Dafür entwickelten die GTI-Väter in der Wolfsburger Entwicklungsabteilung den alten Bekannten EA888 weiter. Der Vierzylinder-Turbo trägt nun einen neu entwickelten Zylinderkopf mit wassergekühlter Abgasführung zum Turbolader. Dank zweifach schaltbarem Ventilhub auf der Auslassseite soll der Ladungswechsel optimiert worden sein. In der Basisversion leistet der Neuling mit 220 PS nun zehn PS mehr als sein direkter Vorgänger. Unser Testwagen tritt als „GTI Performance“- Variante dank einer zusätzlichen Leistungsspritze ab Werk mit 230 PS an.

Tuning ab Werk: VW Golf GTI mit 230 PS

Für 1.125 Euro Aufpreis enthält die Performance-Version außerdem eine Vorderachs-Differenzialsperre sowie eine rundum innen-belüftete Bremsanlage (Basis GTI: nur vorn innenbelüftet) mit größeren Bremsscheiben (340 mm vorn, 310 mm hinten, Basis-GTI: 314 mm vorn, 300 mm hinten).

Während sich der GTI Performance warmläuft, rauscht es plötzlich lauthals in der Boxengasse zu Hockenheim. Hier zieht kein unerwarteter Tornado über den Rennkurs, sondern der Vergleichstestgegner, ein Ford Focus ST faucht aus der Boxengasse. Einst GTI gegen Capri, heute VW Golf GTI gegen Ford Focus ST. Anders als der Vorgänger mit herrlich wummerndem Reihen-Fünfzylinderturbo geht der ST nun mit einem aufgeladenen EcoBoost-Vierzylinder mit zwei Liter Hubraum und 250 PS auf die Jagd.

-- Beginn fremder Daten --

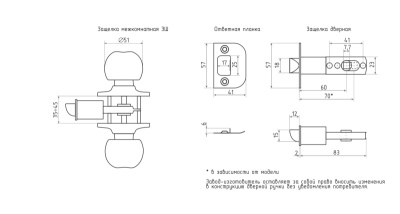 zashchelka-mezhkomnatnaia-zsh-495867e330b83f48668cfce2142dac4c-large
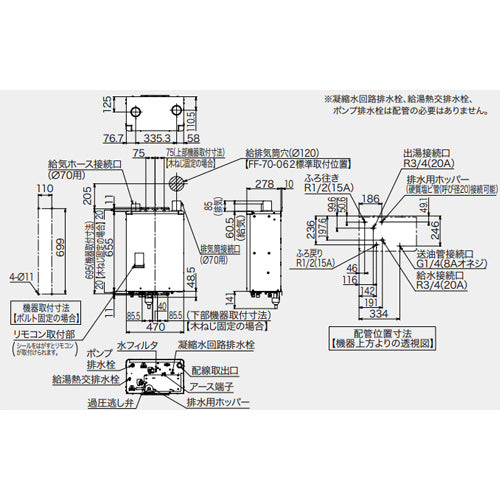 石油ふろ給湯器[エコフィール][浴室・台所リモコンセット][本体+FF用給排気筒付属][オート][水道直圧式][屋内壁掛型][上方排気][強制給排気][4万キロ]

VW Golf GTI ist fast drei Sekunden schneller auf 200 km/h

Sein bassiger Muckibuden-Klang ist jedoch nicht waschecht. Was hätte wohl die Cowboy-Stiefel-Generation zu dem im Ford Focus ST arbeitenden Sound-Symposer gesagt? Egal, solche Elektronik-Tricks werden wir wohl nie wieder los. Bei starker Beschleunigung öffnet ein elektronisch gesteuertes Ventil, welches das Motorgeräusch über ein Rohr intensiviert in den Instrumententräger überträgt.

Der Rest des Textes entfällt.